基幹系システム開発との3つの違い
基幹系システム開発とDXの違いはいろいろありますが、筆者がプロジェクトの推進に大きく影響すると感じているポイントは3つあります。「プロジェクトの内容」「採用技術」「体制」です(図1)。
このうちITベンダーなどDXプロジェクトを請け負う側が押さえておくべき最も重要なポイントは、「プロジェクトの内容」の「要求・要件が決まっていない」という点です。これは、「正解がない」ことを意味します。

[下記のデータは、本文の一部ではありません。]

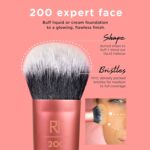 Real Techniques Expert Face Professional Foundation Makeup Brush for Even Streak Free Application, Dense Bristles For Buffing, Orange, 1 Count - Image 3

筆者もいくつかの現場で見てきましたが、従来型システム開発を請け負うITベンダーの思考では、どうしても顧客であるユーザーに対して「要件を出してください、決めてください」といった態度で接しがちです。これまでは業務要件という正解があったのでそれでもよかったのですが、DXプロジェクトではユーザーも「何をやりたいかと言われても、よく分からない」のが本音です。
AIなどを活用した新しいビジネスやサービスを作るわけですから、明確な答えを持っているユーザーはまれです。手探りで仮説を決めて、まず世に出して人々の反応を見るしかないのです。
このため、DXプロジェクトで開発チームのPMやリーダーに求められるのは、「ユーザーと一緒に要求や要件を決めていく」姿勢です。ユーザーのビジネスとAIなどの技術の両方を踏まえたサービス内容を提案する必要があります。